Hamburg. Es dürfte ein ziemlich einmaliger Vorgang sein, dass der Bund der Steuerzahler eine drastische Mehrausgabe des Staates gutheißt. Die Elbphilharmonie, die nun noch einmal um 198 Millionen Euro (Gesamtkosten: 575 Millionen Euro) teurer werden soll, macht es möglich. "Bei der völlig verunglückten Vertragssituation ist dies ein optimales Verhandlungsergebnis des Ersten Bürgermeisters Olaf Scholz", sagte Frank Neubauer, Vorsitzender des Hamburger Steuerzahlerbunds. Die Entscheidung von Scholz und seines Senats, die Zusammenarbeit mit dem Essener Baukonzern Hochtief fortzusetzen, sei "richtig und mutig".

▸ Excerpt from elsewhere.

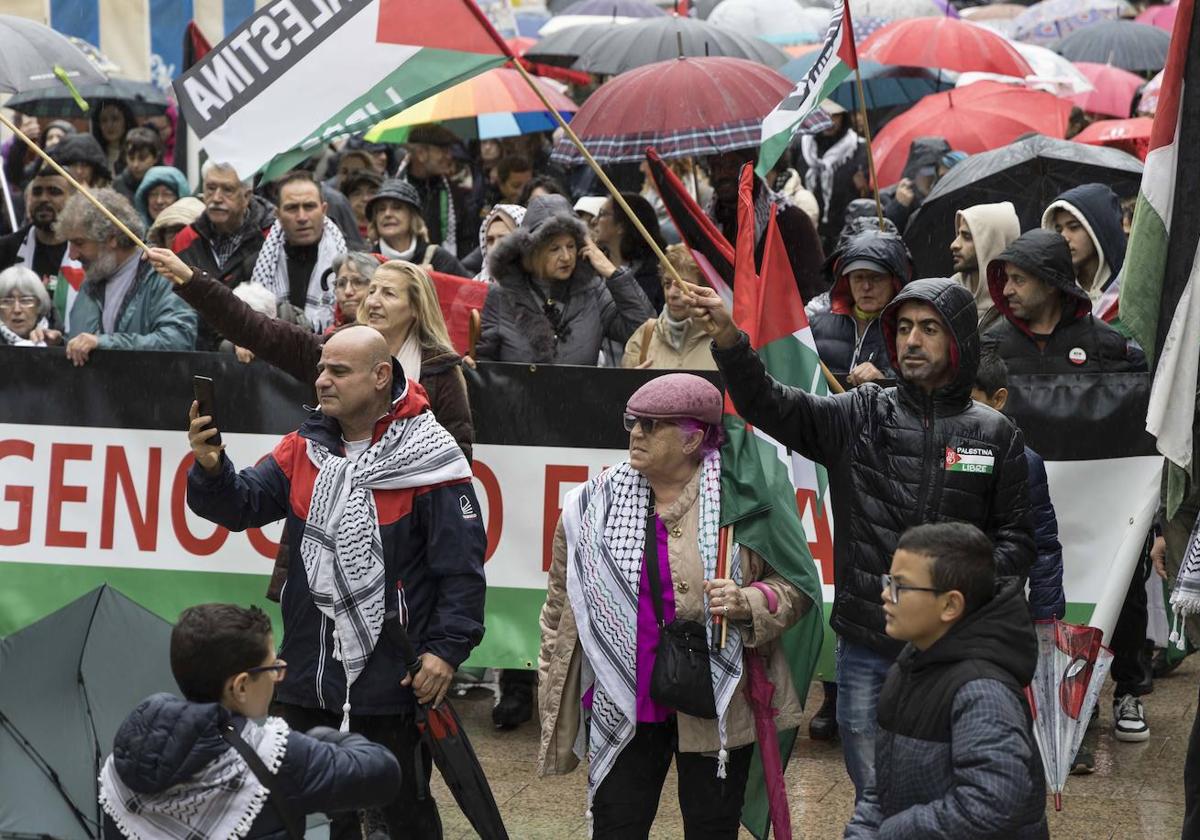 Cabeza de la manifestación, que se desarrolló bajo la lluvia.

Mit der Vereinbarung zwischen der Stadt und dem Baukonzern, die jetzt in den Gründzügen festgelegt ist, könnten "Geburtsfehler" des Bauprojekts zum Teil ausgeglichen werden - "wenn auch zu einem sehr hohen Preis". Das schmerze zwar, aber eine Kündigung und Trennung von Hochtief würde die Stadt nach Einschätzung des Bundes der Steuerzahler weitaus mehr kosten.

"Die weitere drastische Kostensteigerung ist bitter, war aber zu erwarten", sagte Handelskammer-Präses Fritz Horst Melsheimer in einer ersten Reaktion. "Gut ist, dass sämtliche Risiken nun komplett bei Hochtief liegen sollen und nach dem endgültigen Vertragsschluss hoffentlich auch liegen werden." Entscheidend sei, dass "eine neue Kultur des Vertrauens" zwischen den Partnern einkehre.

Weniger freundlich fielen die Reaktionen der Opposition aus. CDU-Bürgerschafts-Fraktionschef Dietrich Wersich warf dem Bürgermeister vor, seine Ziele verfehlt zu haben. "Scholz hatte Hamburg versprochen, die Elbphilharmonie zügig fertig zu bauen und nicht mehr als die vereinbarten 323 Millionen Euro auszugeben", sagte Wersich. Während Scholz' Regierungszeit habe sich die Fertigstellung um vier Jahre verzögert, und Hamburg müsse 198 Millionen Euro mehr zahlen. Allerdings zeigte sich Wersich auch selbstkritisch: "Alle wissen - und keiner bestreitet -, dass auch am Anfang Fehler gemacht wurden." Die Entscheidung für den Bau der Elbphilharmonie - zunächst war von Kosten in Höhe von 77 Millionen Euro die Rede - fiel in die Amtszeit von Bürgermeister Ole von Beust (CDU).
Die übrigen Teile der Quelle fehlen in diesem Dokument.